The lines to transcribe begin with the one containing "retirement-strategy6521/retirement-strategy6375" and end with the last line below; reproduce them exactly, without the pictures.

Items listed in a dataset
◆ ◆ ◆ ◆

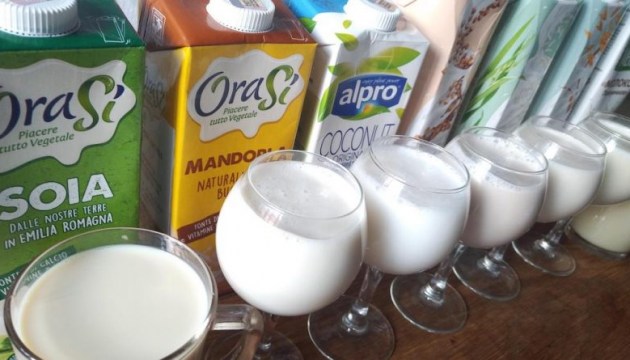 ������ ������ ��������� �� ������������ ������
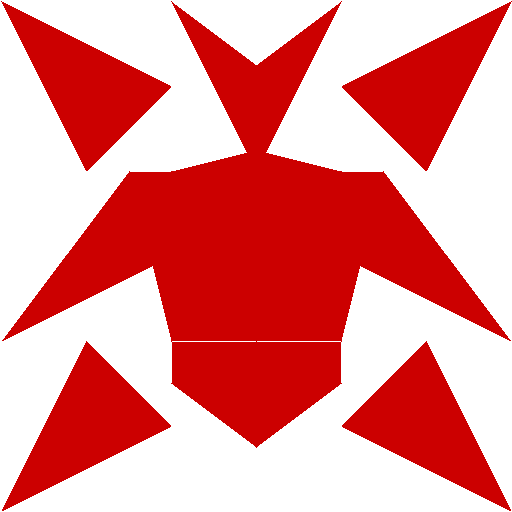 retirement-strategy6521/retirement-strategy6375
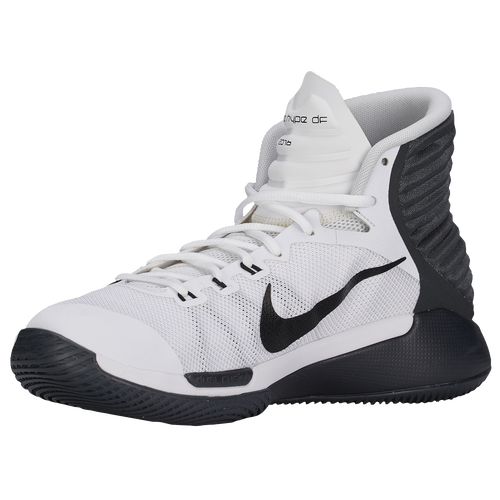 mens nike prime hype df 2016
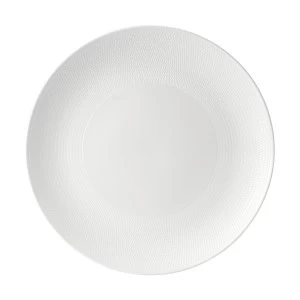 Image of Wedgwood Gio Serving Platter 31cm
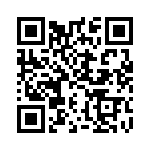 ISL9011AIRMMZ QRCode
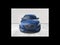 2016 Hyundai Sonata 2.4L Sport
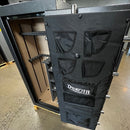 USED Dakota Black Diamond 5928 Gun Safe, view 6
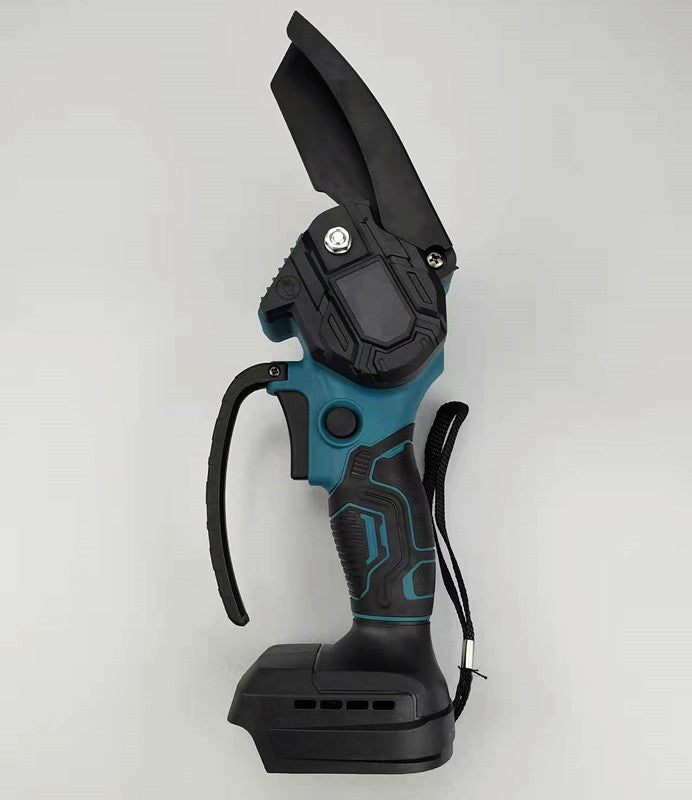 Handheld Chainsaw Small Pruning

◆ ◆ ◆ ◆

■ Task answer
 retirement-strategy6521/retirement-strategy6375
 mens nike prime hype df 2016
 Image of Wedgwood Gio Serving Platter 31cm
 ISL9011AIRMMZ QRCode
 2016 Hyundai Sonata 2.4L Sport
 USED Dakota Black Diamond 5928 Gun Safe, view 6
 Handheld Chainsaw Small Pruning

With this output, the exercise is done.